What SCMP has learned from an audience engagement perspective is that smartphone users are very engaged at certain times of the day such as 7:00 a.m. to 9:00 a.m., at lunch time, and between 6:00 p.m. and 7:00 p.m. “We need to understand more and cater to their different needs in different times of the day,” Abbotts says.
Abbotts encourages others to adopt a device-agnostic approach as part of a strategy for mobile: “Given the proliferation of devices and screen sizes, providing a good and consistent user experience across an ever-expanding range of devices can be challenging — although one that we embrace.”
SCMP’s audience base has expanded, both locally and internationally, with the addition of smartphone access, Abbotts says. Prior to that, its international audience had no access. That audience can now turn to digital, mobile, and tablets to access SCMP’s high-quality content.
Currently, 30% of South China Morning Post’s traffic comes from smartphones, says Abbotts, who expects that number to reach approximately 40% in late 2014.
One of the trends and changes in market behaviours and technology opportunities is the continuous move to mobile and the opportunity that HTML5 gives publishers to take back control of user data — which Abbotts believes may be key as subscription-based models become more commonplace.
SCMP values content above all because that’s what readers are willing to pay for, says Sophia Yu, the company’s director of advertising and marketing solutions.
Because of that, SCMP.com originally adopted a subscription-based model. It continues to monitor trends and gauge reader sentiment, which led the company to introduce a metered subscription model in August, 2012, to both SCMP.com and m.scmp.com.
Instead of charging subscribers for smartphone products (an optimised mobile version of scmp.com and mobile apps) alone, SCMP bundled them in a subscription package with SCMP.com.
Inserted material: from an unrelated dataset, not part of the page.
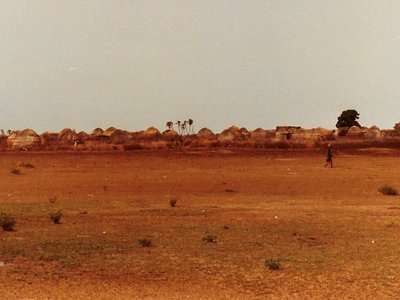 images/Diona - horizonb.jpg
High-quality content engages readers, but needs to be offered on multiple platforms for one price, says Alex Ho, senior director, newspaper and recruitment services.
“Since we launched our smartphone products in June, our new subscriptions keep growing through different sources, not just from the mobile platform,” Ho says. “We believe the prevalent splintering of payments across platforms, for the same basic content, is a barrier for consumers.”
The other side of monetisation is display advertising, sponsored content and sessions, and rich media ads. Among the company’s smartphone-related revenue experiments are native app advertising, including full-page, interstitial, and banner advertising. Rich-media advertising on mobile is coming.
Executives at SCMP believe mobile Web and mobile apps for smartphones are a source of revenue that will grow significantly, though they won’t overtake the company’s Web site anytime in the next 12 to 24 months, Yu predicts.
Looking ahead, Yu believes the opportunities in smartphone product development in the next 12 months will be in responsive design, HTML5, and Augmented Reality/image recognition technology. During that same 12 months, smartphone monetisation opportunities for SCMP lie in e-commerce.
The trend that could affect the company’s strategic approach in this space would be devices with larger screens that would allow more responsive design and a better Web experience when compared to the desktop.